Bilindiği gibi AKP’giller iktidarı, bir taraftan kamu malı hırsızlığıyla, diğer taraftan uyguladıkları akla ziyan ekonomi politikalarıyla insanlarımızı kuru ekmeğe muhtaç hale getirmişlerdir. Hayat pahalılığı almış başını gitmekte, toplumumuzun ezici çoğunluğu büyük bir yoksulluk içinde yaşam mücadelesi vermektedir. İşçilerimiz ay sonunu getirememekte, Köylülerimizin ürünleri tarlada kalmakta, Kamu Çalışanlarımız geçinememekte, Öğrencilerimiz eğitimi masraflarını karşılayamamakta, hatta sağlıklı bir şekilde beslenememektedir. Emeklilerimizin durumu ise tam anlamıyla içler acısıdır. AKP’giller tarafından 10 bin liralık sefalet ücretine mahkûm edilen Emeklilerimiz adeta ölüme terk edilmişlerdir.

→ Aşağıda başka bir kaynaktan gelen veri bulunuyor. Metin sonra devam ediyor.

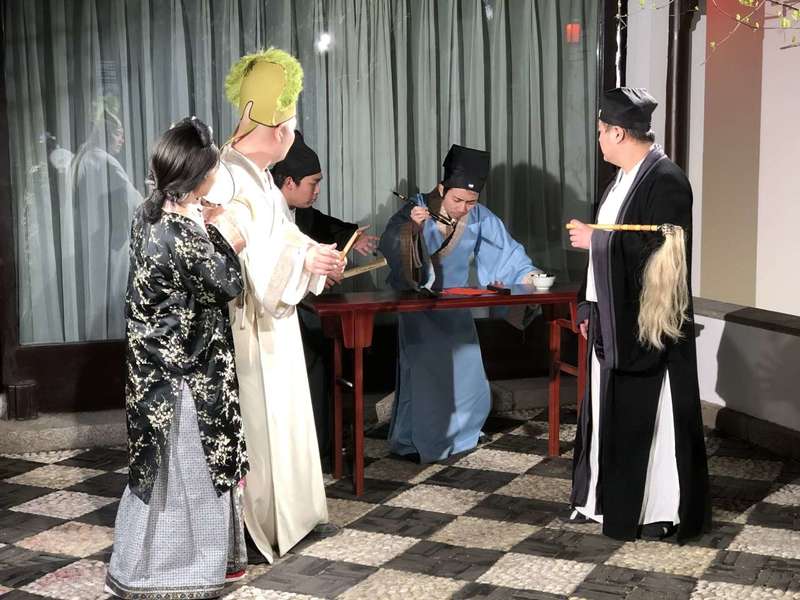 引力播
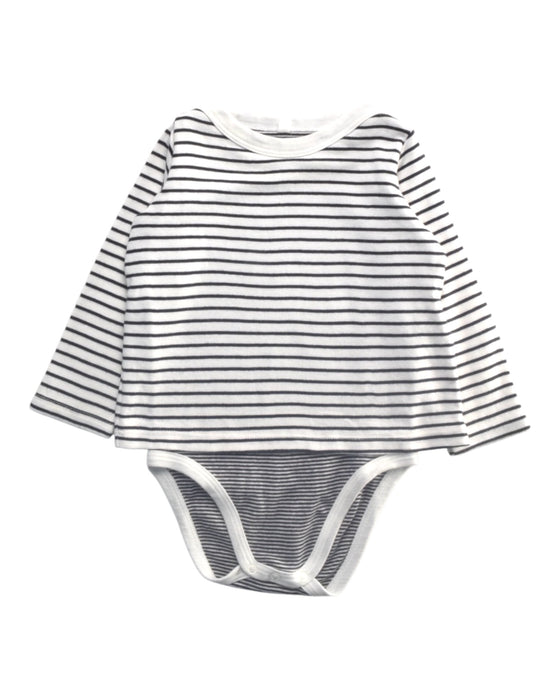 A White Long Sleeve Bodysuits from Petit Bateau in size 12-18M for girl. (Front View)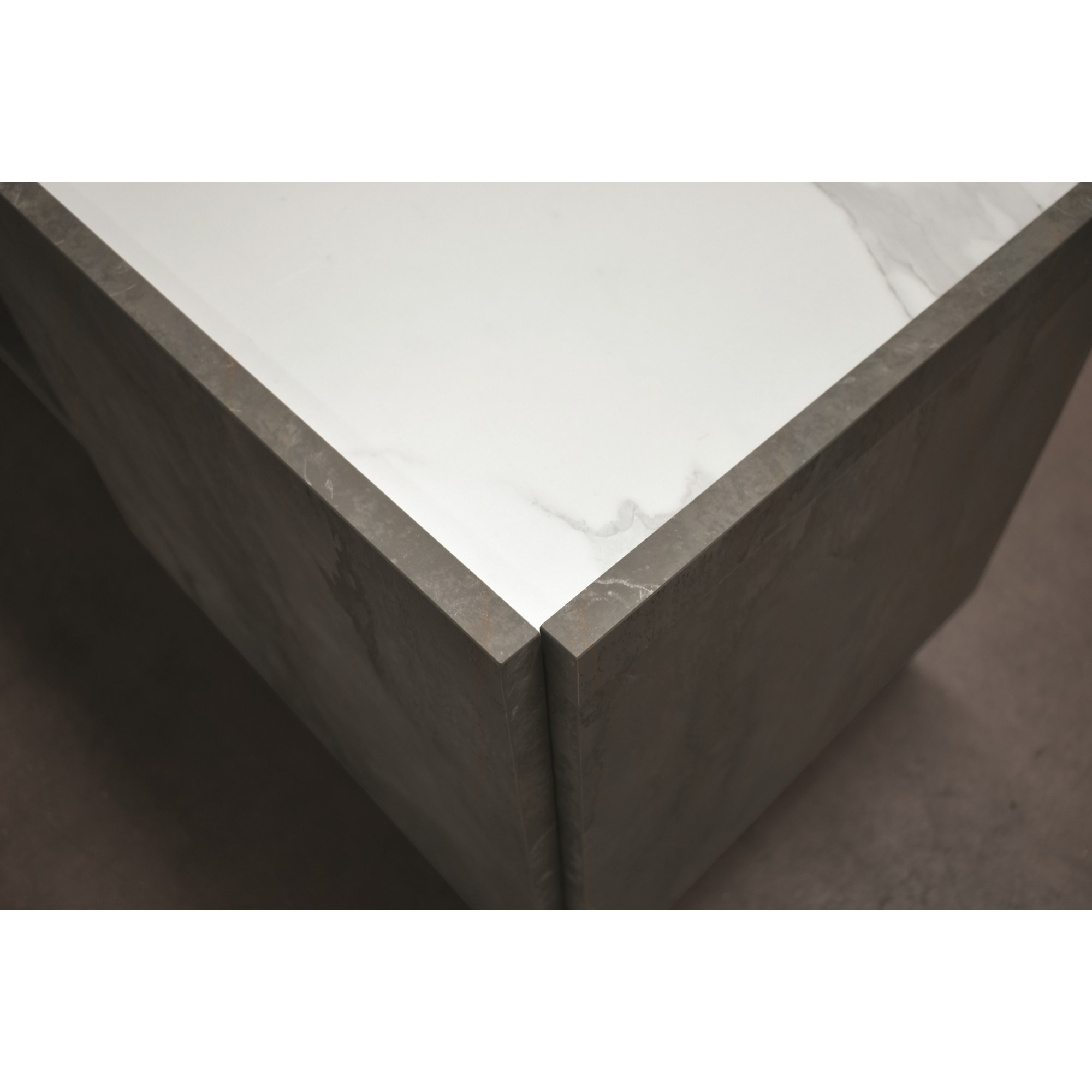 Credenza FAVIGNANA in legno, finitura in acciaio ossidato, piano effetto marmo statuario, 200x50 cm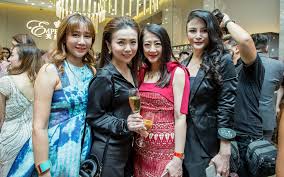 Digital marketing agency & restauranter. Kh Wong Chin Cheah Dr Patrick Goh Consultant Sports Physician Surgeons Ubijca V Rukah Buddy 1981 Laks Sam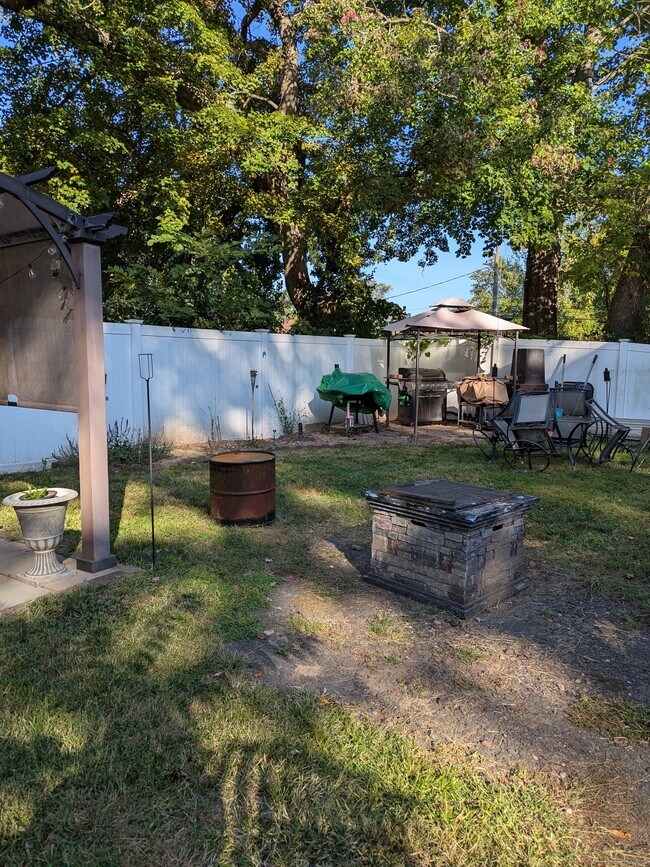 Photo - 151 Enfield St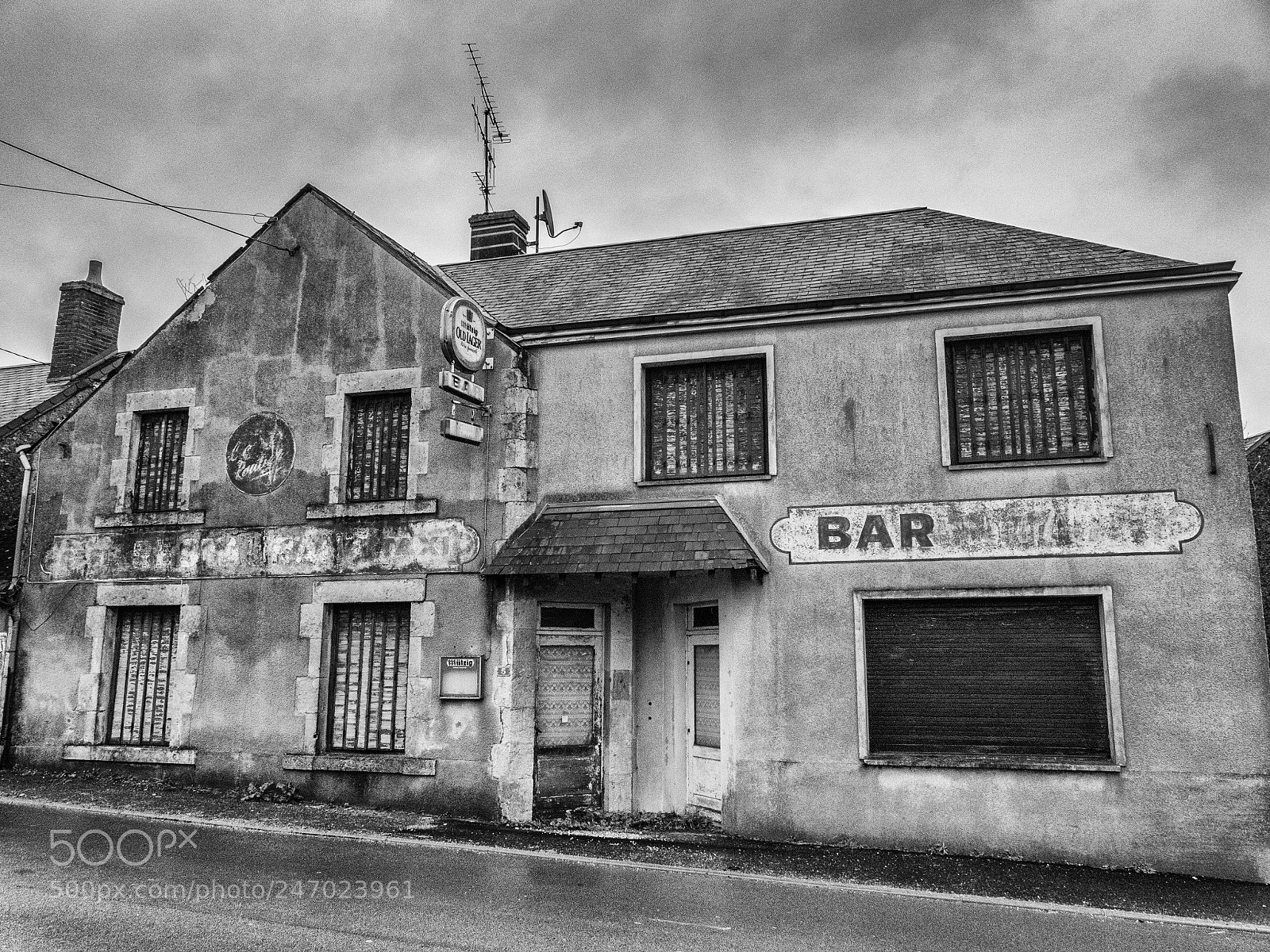 Panasonic Lumix DMC-FZ1000 sample photo. Vieux bar photography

Birleşik Metal İş Sendikası’nın Sınıf Araştırma Merkezi BİSAM’ın yaptığı araştırmaya göre; 2024 yılının Mayıs ayında Açlık Sınırı, adına “Asgari Ücret” denilen 17 bin 2 liralık Sefalet Ücretinin yaklaşık 750 TL üzerine çıkarak 17 bin 756 liraya ulaşmıştır. BİSAM’ın aynı dönem için hesapladığı Yoksulluk Sınırı ise tamı tamına 61 bin 418 TL’dir!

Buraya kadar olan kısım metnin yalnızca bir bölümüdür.